→ **The problem**: Leave the pictures out and give every entry again exactly.

→ **Given information**:

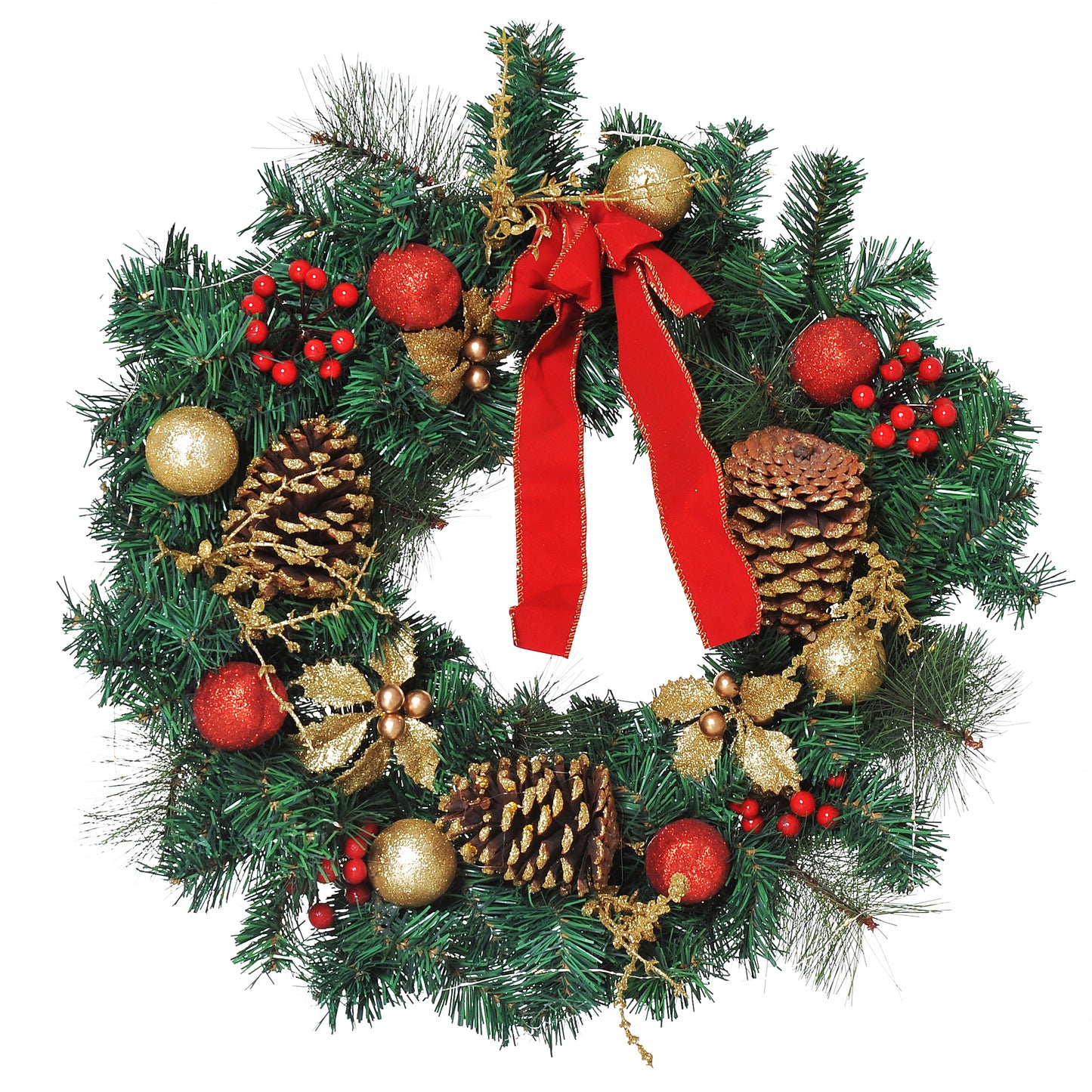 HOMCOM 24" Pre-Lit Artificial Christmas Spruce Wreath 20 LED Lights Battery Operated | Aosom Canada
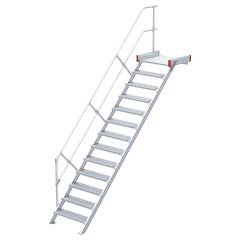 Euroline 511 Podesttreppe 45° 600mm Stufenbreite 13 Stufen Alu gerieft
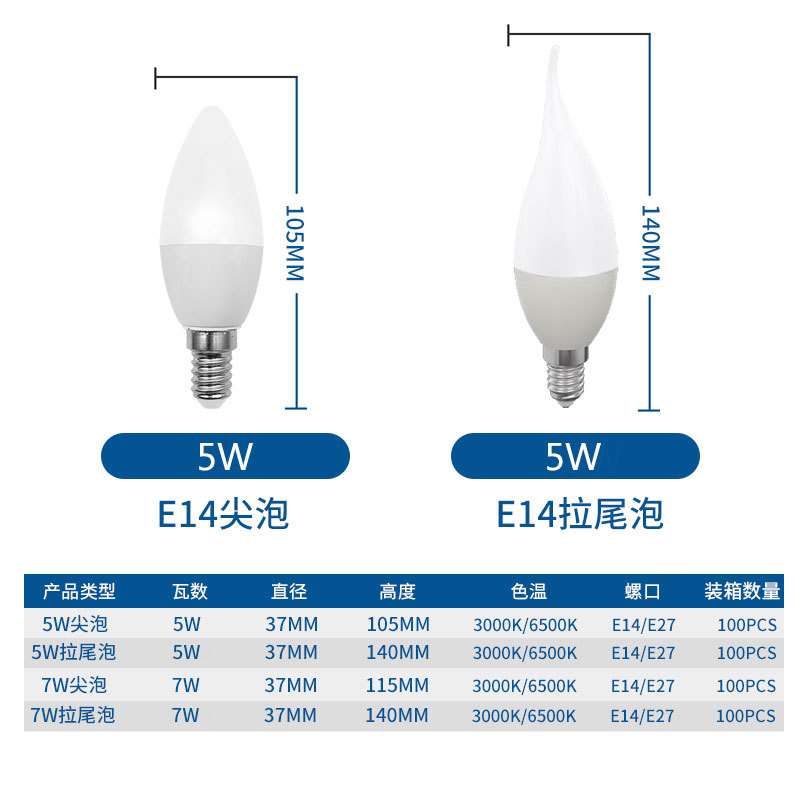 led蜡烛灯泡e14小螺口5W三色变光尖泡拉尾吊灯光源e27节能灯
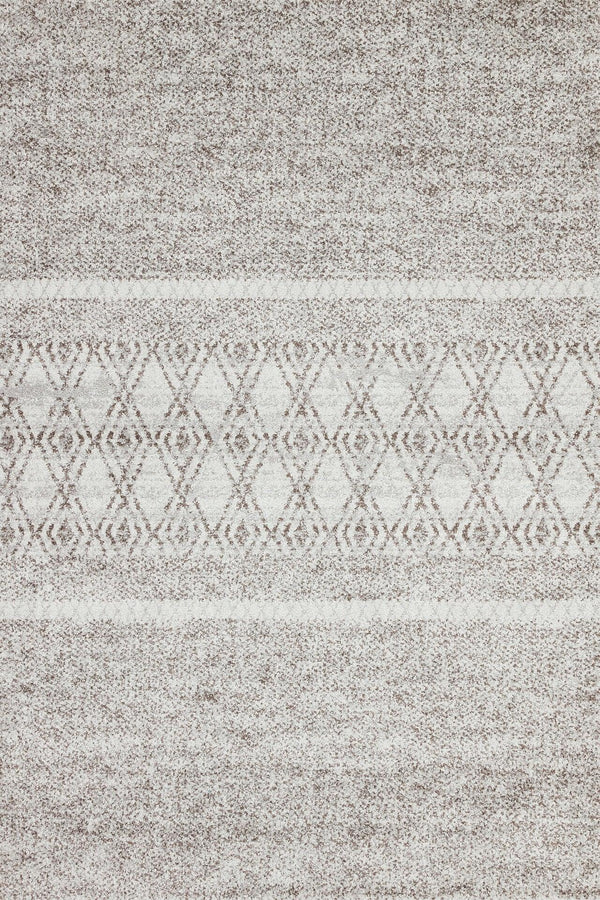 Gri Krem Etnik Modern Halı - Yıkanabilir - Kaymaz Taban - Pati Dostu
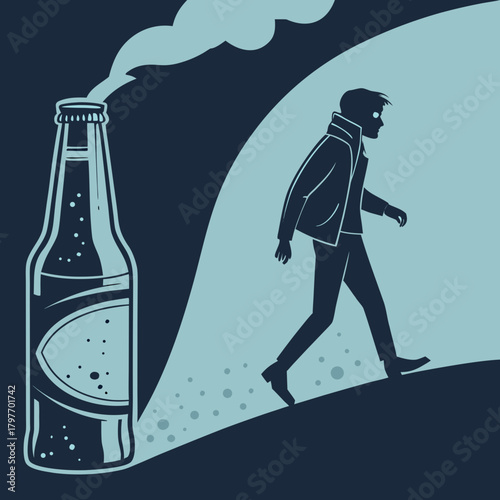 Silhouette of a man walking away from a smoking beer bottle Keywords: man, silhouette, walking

→ **Written response**:
 HOMCOM 24" Pre-Lit Artificial Christmas Spruce Wreath 20 LED Lights Battery Operated | Aosom Canada
 Euroline 511 Podesttreppe 45° 600mm Stufenbreite 13 Stufen Alu gerieft
 led蜡烛灯泡e14小螺口5W三色变光尖泡拉尾吊灯光源e27节能灯
 Gri Krem Etnik Modern Halı - Yıkanabilir - Kaymaz Taban - Pati Dostu
 Silhouette of a man walking away from a smoking beer bottle Keywords: man, silhouette, walking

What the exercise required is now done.